We ran multiple instances of RPC Server Service, Core Service, and the Postgres was also run in a distributed manner with master-slave configurations.

Things Hosted on the Patientory Infrastructure

  • RPC Server

Serves the main APIs for registration, listing files, downloading files, authentication etc.

  • Core Service

This service will handle the Replication of files on multiple hospitals, Routing of requests from RPC server to proper Hospital Infrastructure.

  • Postgres Database RPC Server

Serves as a persistent layer for access tokens and intermediate data for user onboarding and pairing.
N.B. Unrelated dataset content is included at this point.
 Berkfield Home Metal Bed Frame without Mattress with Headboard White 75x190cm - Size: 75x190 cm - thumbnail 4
  • Postgres Database RPC Server

Serves as a persistent layer for hospitals infrastructure list and RPC server client id and secrets for communication between RPC and Hospitals Infrastructure.
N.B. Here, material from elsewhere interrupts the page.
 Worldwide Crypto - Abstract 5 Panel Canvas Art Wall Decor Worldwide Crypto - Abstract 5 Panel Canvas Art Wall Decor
TOKEN EXCHANGE SYSTEM EXCHANGE

  • The Patientory model renders the ability for information seeker to transfer tokens as incentives to healthcare information providers when both the parties agree upon certain criteria to activate the smart contract.
  • This exchange will likewise provide the much-needed “carrot” to the providers (patients) and
    engage them in a symbiotic collaboration
  • Henceforth, Patientory issued tokens (PTOY), is the native token of the platform. In exchange for these PTOY tokens, users will be able to use the network to rent health information storage space and to execute health specific smart contract payments and transactions.

TECH STACK

  • Modified Ethereum
  • Custom IPFS
  • NodeJS
  • Postgres
  • React
  • Swift
  • Java

END RESULT

The future of health information sharing is a vibrant ecosystem of different tokens, for which healthcare will need a closed loop payment system in place. The result is a blockchain powered efficient care cycle management which will develop trust among different parties involved in EHR. Also, it will direct the mHealth industry towards ethical business practices thereby eliminating healthcare payment fraud and information breach.